Puede referir al mundo de la fantasía, a esa dimensión narrativa en donde el juego de idealizar, incluso en los escenarios más realistas, se emprende con un entusiasmo digno de una señorita lectora del siglo XIX. La literatura como divertimento, novela multidimensional de donde florecen las emociones más cándidas, acusa la mente de algunos autores/lectores como un universo propio en donde existen, nada más, realidades propiamente “li-te-ra-rias”. Un asunto muy del XIX. Etcétera.
Explico: la idea se resume en plantarse en los zapatos de Emma Bovary, una que no existe pero que se relata como si hubiera existido. Ahí podemos encontrarnos con alguna “otra alma”, diría Sontag, de nuestro interés, relacionar lo nuestro con lo suyo, proyectar, inventar, jugar. La idea literaria del modernismo temprano, en donde el magnetismo de la televisión no figuraba en el horizonte de los entretenimientos y las posibilidades urbanas eran demasiado áridas. Cualquier personaje interesaba.

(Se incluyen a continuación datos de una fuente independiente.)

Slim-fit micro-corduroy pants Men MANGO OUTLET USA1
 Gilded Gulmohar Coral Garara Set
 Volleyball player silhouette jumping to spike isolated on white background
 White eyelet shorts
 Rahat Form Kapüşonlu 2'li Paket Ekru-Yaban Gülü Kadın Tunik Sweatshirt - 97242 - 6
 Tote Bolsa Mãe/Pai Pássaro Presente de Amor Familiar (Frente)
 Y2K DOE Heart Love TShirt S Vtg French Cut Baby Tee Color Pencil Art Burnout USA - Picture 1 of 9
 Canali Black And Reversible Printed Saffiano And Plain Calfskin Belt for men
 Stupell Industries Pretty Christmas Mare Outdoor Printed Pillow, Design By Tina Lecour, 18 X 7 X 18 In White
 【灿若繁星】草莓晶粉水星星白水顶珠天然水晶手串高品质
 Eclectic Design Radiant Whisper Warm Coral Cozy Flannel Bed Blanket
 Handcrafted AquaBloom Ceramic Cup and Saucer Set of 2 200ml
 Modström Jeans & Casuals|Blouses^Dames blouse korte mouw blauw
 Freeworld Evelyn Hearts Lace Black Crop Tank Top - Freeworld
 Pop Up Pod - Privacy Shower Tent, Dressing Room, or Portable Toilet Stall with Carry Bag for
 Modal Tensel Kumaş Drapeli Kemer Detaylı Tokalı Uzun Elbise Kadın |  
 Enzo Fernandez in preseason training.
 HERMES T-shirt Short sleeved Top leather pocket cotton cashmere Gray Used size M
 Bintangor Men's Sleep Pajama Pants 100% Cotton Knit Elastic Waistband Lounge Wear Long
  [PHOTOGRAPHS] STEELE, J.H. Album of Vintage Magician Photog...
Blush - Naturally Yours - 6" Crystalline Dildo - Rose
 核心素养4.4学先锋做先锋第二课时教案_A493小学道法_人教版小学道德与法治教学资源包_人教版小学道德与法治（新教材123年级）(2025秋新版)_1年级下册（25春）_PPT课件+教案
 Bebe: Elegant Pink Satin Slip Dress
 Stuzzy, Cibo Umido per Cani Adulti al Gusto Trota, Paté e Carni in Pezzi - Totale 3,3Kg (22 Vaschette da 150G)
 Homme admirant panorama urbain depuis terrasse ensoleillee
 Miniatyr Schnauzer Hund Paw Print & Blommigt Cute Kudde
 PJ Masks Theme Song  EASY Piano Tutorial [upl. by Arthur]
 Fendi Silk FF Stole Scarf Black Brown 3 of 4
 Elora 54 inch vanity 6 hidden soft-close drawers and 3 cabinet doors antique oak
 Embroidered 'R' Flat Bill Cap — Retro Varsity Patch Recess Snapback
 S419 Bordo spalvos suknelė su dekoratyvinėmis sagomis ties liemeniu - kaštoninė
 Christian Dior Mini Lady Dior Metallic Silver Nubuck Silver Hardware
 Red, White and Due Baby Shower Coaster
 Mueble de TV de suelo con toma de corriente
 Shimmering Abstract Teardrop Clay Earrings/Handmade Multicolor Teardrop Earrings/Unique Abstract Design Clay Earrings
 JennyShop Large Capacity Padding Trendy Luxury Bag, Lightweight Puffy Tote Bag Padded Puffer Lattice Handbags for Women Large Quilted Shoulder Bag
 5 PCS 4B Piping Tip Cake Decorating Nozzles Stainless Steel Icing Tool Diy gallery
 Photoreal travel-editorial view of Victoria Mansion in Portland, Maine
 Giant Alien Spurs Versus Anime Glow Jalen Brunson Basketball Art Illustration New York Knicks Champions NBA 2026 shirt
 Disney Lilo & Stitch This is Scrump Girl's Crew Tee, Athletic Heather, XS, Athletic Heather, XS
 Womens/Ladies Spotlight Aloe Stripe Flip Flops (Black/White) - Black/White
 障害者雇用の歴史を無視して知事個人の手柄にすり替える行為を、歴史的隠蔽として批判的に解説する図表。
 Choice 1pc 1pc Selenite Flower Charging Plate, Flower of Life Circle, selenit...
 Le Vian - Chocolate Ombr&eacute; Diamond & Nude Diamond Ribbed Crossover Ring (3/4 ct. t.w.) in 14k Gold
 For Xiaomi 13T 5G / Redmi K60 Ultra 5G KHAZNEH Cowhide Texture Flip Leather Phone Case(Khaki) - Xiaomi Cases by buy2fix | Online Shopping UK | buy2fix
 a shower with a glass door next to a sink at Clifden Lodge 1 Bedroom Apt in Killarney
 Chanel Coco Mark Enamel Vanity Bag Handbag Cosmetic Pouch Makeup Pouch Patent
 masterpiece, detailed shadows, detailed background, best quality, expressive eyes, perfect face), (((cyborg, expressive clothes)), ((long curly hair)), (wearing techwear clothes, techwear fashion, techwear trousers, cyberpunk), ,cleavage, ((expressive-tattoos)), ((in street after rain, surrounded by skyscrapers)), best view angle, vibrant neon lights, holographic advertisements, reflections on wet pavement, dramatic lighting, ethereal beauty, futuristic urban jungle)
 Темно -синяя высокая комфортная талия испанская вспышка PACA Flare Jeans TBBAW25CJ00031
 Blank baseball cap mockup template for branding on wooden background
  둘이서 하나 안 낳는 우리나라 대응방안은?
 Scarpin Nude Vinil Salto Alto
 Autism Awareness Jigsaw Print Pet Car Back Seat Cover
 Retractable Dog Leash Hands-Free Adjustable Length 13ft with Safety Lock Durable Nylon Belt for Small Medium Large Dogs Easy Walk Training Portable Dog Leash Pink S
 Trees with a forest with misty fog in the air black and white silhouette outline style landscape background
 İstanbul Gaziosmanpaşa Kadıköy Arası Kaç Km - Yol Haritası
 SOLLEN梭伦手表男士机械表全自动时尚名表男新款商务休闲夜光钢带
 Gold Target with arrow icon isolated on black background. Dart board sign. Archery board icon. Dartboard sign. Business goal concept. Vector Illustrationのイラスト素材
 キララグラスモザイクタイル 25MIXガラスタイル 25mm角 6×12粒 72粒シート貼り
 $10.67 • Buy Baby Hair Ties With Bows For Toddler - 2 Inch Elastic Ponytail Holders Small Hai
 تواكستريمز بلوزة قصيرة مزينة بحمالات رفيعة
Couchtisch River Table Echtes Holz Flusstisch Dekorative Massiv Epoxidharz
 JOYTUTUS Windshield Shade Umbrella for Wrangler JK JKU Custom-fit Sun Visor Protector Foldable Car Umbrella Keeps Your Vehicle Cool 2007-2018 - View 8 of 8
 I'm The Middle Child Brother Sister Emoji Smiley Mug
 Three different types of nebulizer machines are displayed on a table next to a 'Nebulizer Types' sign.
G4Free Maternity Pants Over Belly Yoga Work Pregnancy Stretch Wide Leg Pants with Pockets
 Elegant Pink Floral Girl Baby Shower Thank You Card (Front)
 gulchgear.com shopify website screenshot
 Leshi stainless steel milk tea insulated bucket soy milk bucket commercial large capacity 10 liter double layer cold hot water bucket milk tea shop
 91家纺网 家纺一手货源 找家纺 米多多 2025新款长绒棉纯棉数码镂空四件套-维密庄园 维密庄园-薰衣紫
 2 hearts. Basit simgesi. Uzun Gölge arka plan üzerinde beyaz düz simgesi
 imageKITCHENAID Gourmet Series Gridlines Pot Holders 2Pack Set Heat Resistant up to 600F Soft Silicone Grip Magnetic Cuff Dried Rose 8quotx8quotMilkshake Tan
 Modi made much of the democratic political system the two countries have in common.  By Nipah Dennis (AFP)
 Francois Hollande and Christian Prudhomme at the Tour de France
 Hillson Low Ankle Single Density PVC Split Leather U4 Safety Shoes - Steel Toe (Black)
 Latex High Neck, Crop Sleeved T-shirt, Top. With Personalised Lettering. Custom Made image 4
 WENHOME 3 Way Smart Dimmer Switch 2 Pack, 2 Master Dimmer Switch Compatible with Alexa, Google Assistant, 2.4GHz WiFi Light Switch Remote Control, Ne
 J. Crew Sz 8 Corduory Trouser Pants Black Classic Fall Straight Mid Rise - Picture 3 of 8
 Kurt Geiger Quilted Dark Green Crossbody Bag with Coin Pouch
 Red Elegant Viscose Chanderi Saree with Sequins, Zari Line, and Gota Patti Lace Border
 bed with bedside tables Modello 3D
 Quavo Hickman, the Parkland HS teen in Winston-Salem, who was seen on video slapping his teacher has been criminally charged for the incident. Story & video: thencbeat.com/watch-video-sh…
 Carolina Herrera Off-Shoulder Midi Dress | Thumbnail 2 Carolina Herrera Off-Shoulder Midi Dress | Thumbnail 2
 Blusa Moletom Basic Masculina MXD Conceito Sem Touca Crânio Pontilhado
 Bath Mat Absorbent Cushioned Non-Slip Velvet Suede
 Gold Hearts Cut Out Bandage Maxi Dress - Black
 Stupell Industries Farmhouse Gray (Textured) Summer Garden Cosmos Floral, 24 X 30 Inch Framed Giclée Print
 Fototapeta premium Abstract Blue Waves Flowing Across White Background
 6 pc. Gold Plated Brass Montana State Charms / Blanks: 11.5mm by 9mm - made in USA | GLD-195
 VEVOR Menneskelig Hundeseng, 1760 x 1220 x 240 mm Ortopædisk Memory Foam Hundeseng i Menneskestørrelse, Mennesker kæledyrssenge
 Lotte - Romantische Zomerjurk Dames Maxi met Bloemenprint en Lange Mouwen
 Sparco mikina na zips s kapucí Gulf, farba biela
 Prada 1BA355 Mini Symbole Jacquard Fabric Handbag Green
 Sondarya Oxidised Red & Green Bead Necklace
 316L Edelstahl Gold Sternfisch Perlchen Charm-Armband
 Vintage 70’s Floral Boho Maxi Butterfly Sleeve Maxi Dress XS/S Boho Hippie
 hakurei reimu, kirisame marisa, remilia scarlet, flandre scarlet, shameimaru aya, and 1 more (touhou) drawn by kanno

Las niñas entonces jugaban a la inocente risa decimonónica y algunos inventos comenzaban a revolucionar sus consciencias (las novelas francesas del periodo así lo buscaban, con Balzac y las otras novelas inglesas “de familia”). Sin embargo, todo se resumía en la aventura “del otro”, del personaje a proyectar con la lógica del interés propio: somos Emma Bovary por nuestra falta de libertades, nuestra temeridad, alguna cosa de esas.
Igualmente aburridos los activos del siglo siguiente, en donde la reflexión supuestamente “seria” en torno a la existencia se ha asumido como una revelación literaria casi tan importante como la propia socrática en Filosofía: Sartre apantalló a propios y extraños con noveletas intrascendentes que “imaginaron”, también, a un hombre enjuiciado por su condición efímera; Hemingway buscó de siempre medir los tamaños de su hombría y de las faltas del hombre para con la naturaleza; autores menores, cuyos clones pululan hoy en día, redujeron el ejercicio de la palabra y el pensar “del otro” a un ejercicio aburrido y falto de identidad en los mundos de la orgía, el alcohol y demás placeres mundanos. No hay nada más risible que algún emulador de Bukowski, como si aquello le diera al personaje en cuestión un dejo de personalidad.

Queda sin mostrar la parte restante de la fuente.